加入していてもその保険が現実に実行されないほうがいい。がん保険などはまさにその最たるものだろう。
しかし、日本の高齢者の二人に一人が癌に侵されるリスクがあるとNHKスペシャルで放映された矢先に、老妻と二人暮らしの自分に振りかかった。6月に連れ合いが胸腺癌の手術をした。食欲はあるのに、体重計に乗る度に体重が1kgづつ減少している、何故かなと独り言を言っていた。
女性がダイエットする時代でもあり、日常的にはなんら症状もないので誰もが気にしないで過ごした。区役所から「特定健康診査受診券」が配布される。昨年まで無料だったものが有料500円、肺がんX線検査をすると100円追加となる。3月期限間際にかかりつけ医で例年通り受診券に基づき健康診断した。
1週間後、そのかかりつけ医から電話があり、本人に再度病院へ診察に来るようにいう。

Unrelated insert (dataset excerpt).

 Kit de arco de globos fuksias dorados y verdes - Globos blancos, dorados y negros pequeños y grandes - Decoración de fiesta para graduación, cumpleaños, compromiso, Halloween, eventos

不吉な予感もしたが、本人だけに話すという。それから数々PET・CT検査のためのヨード造影剤の静脈内投与など、検査の度に連れ合いはすっかり疲れ果てて帰宅した。
1ヵ月後に国立大病院呼吸器科医を紹介され、再度各種検査の実施後、入院日程を提示された。「胸腺に腫瘍がある。このまま放置すれば3年から5年の寿命、骨の後ろに影がありX線では見つからずCTスキャンでようやく見つかった。切りましょう」と主治医。それからは未経験の連続で、主治医の言うスケジュールに従うしかない。

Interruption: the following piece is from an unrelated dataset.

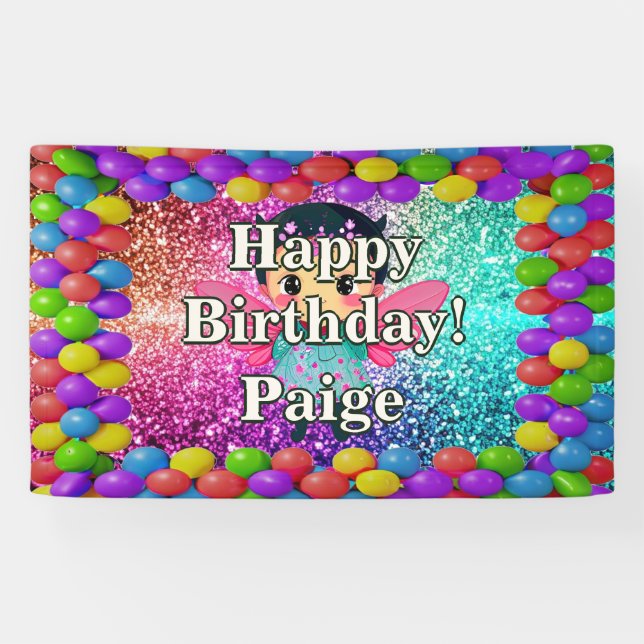 Fairy Personalised character birthday banner (Horizontal)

入院は金曜日、この日は数々の検査がある。土曜・日曜は自宅に帰っても良いが、個室はキープしてくださいと病院事務。月曜日に来ても個室が塞がっていたら火曜日の手術に支障をきたす。差額ベット代は保険の対象外で1日3万3千円。エッそれって独占禁止法、弱い者に対する脅迫のように聞こえる。差額ベットは病院経営の抜け道という事情を察知はするが、個室は贅沢品としても、病院が休みの土日も同じ料金を取るのは疑問に思う。診療費・介護費を正当にもっと高く評価すれば差額ベットを不自然に高額にしなくてもすむはず。
連れ合いは手術を終え、2週間後自宅に無事生還した。生協経由のがん保険に加入していて、経済的にも命拾いをした。生協や農協の保険は、事故があれば背後の保険会社が気持ちよく支払い相談に応じてくれることを実感した。信用と組織力だろう。